Fatemeh Hendijani Fard (University of British Columbia) is an Assistant Professor at The University of British Columbia, Canada, where she leads the Data Science and Software Engineering lab. Her research interests are in the intersection of Natural Language Processing and Software Engineering, focusing on code representation learning and transfer learning for low-resource languages and mining software repositories. She collaborates closely with industry and has served as a program committee member and reviewer in several journals and conferences, including TSE, FSE, and ASE. Dr. Fard is a member of the ACM and IEEE Computer Society. She gets back to the community by mentoring females interested in AI.

Raymond Li is a Research engineer at ServiceNow Research, where he is dedicated to improving the naturalness of interactions between humans and machines through language-based interfaces. At ServiceNow Research, his work has focused on various NLP topics such as summarization and text-to-SQL. He now primarily works on Large Language Models for code. Raymond’s background is in Applied Mathematics and Computer Science. He holds a Master’s and engineering degree from École polytechnique as well as a MSc. in Computer Science from Polytechnique Montreal where he was supervised by Christopher Pal and Laurent Charlin.

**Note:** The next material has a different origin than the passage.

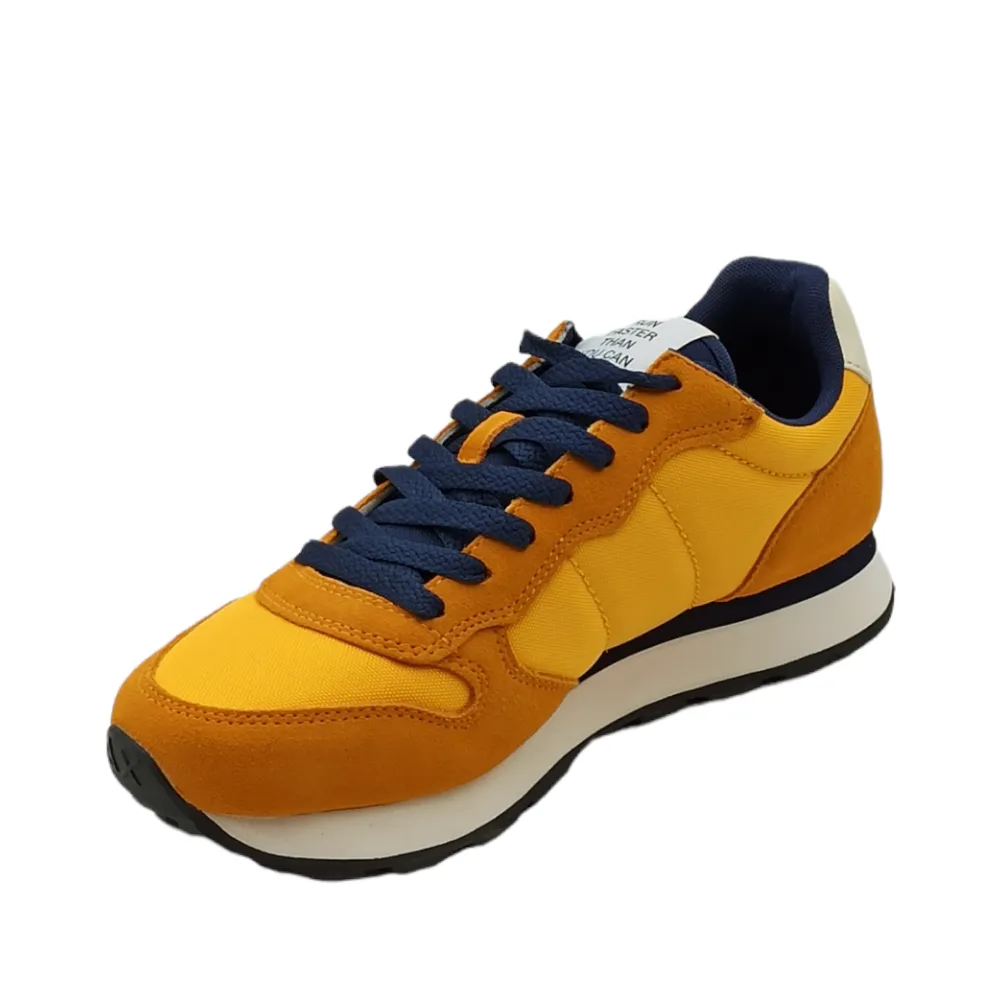 Sneaker uomo in tessuto SUN68 Z42101 GIALLO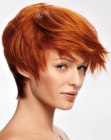 kort rood haar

Patrick Mesana began his career as a software engineer, gaining experience with consulting companies and startups before transitioning into the field of Data Science. As a former manager in the Data Office of National Bank of Canada (NBC), Patrick encountered numerous data management challenges. He is currently pursuing a PhD in decision science to explore the tradeoffs between data privacy and data value. In addition, Patrick serves as a researcher and scientific lead on these topics for the AI Factory at NBC.